## Source data
⟨

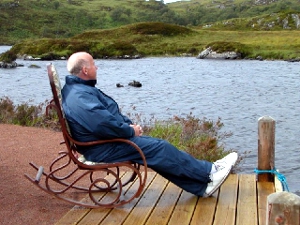Assynt Leisure - There is an attractive little all-abilities walk from the A837 on the edge of Loch Assynt. At the far end, amidst the bleak landscape, is a little jetty, a composting toilet and this incongruous rocking chair.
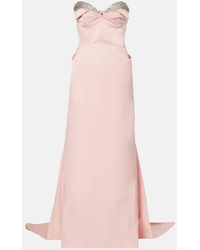 McQueen - Crystal-Embellished Duchess Satin Gown - Lyst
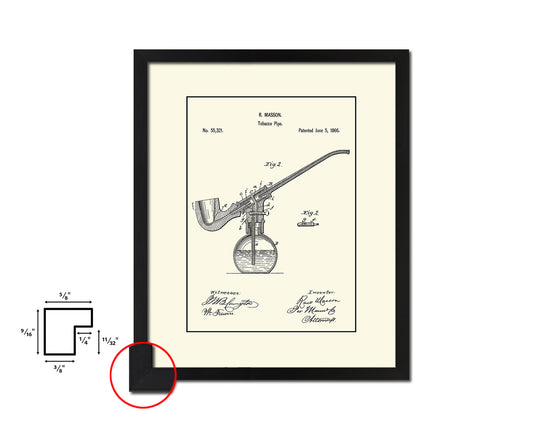 Pipe Tobacco Vintage Patent Artwork Black Frame Print Wall Art Decor Gifts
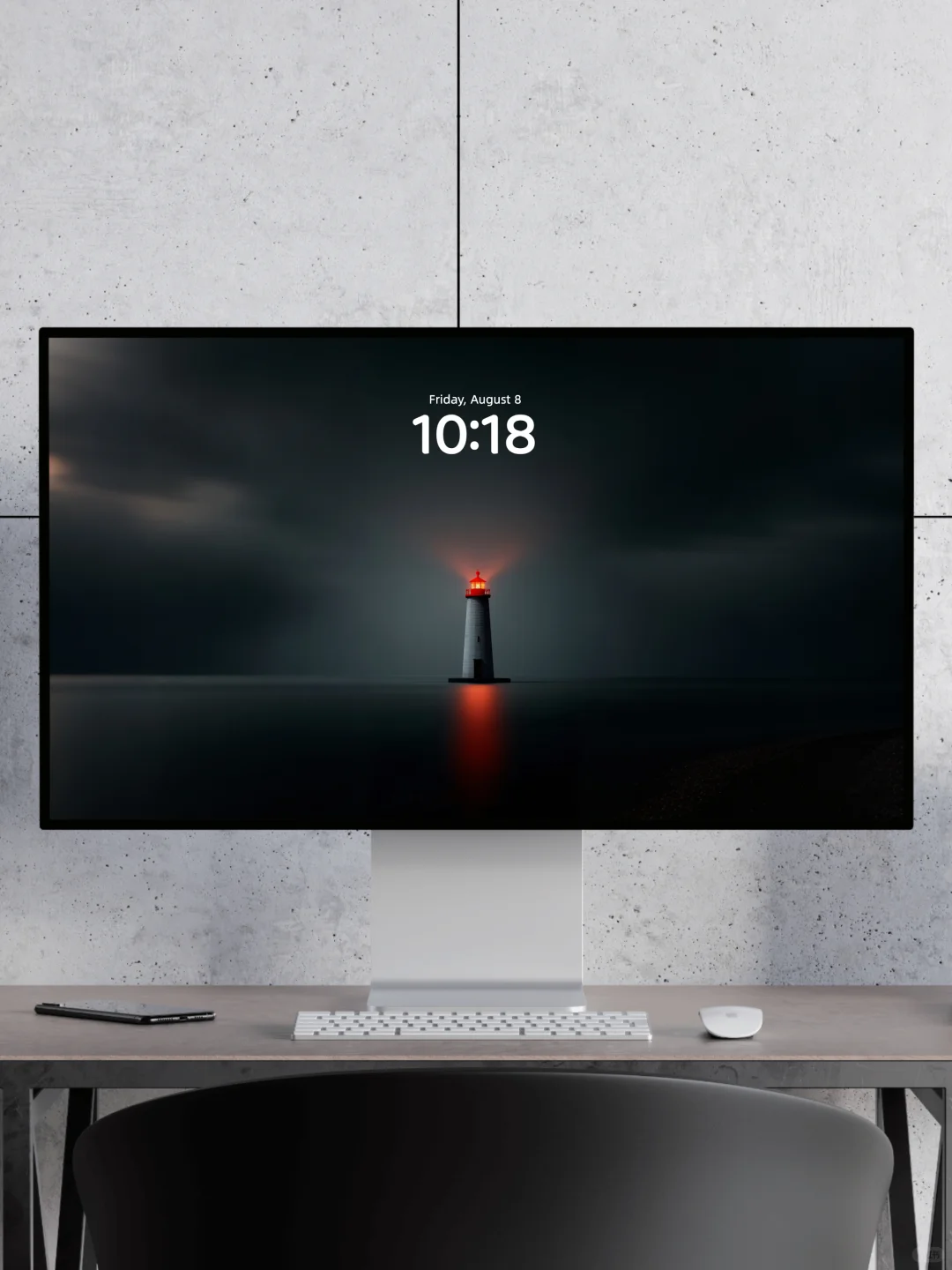 雾夜灯塔丨赤光穿霾的沉寂张力丨4K风景壁纸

⟩

The listing above is to be retyped exactly, with all pictures left out.

Assynt Leisure - There is an attractive little all-abilities walk from the A837 on the edge of Loch Assynt. At the far end, amidst the bleak landscape, is a little jetty, a composting toilet and this incongruous rocking chair.
 McQueen - Crystal-Embellished Duchess Satin Gown - Lyst
 Pipe Tobacco Vintage Patent Artwork Black Frame Print Wall Art Decor Gifts
 雾夜灯塔丨赤光穿霾的沉寂张力丨4K风景壁纸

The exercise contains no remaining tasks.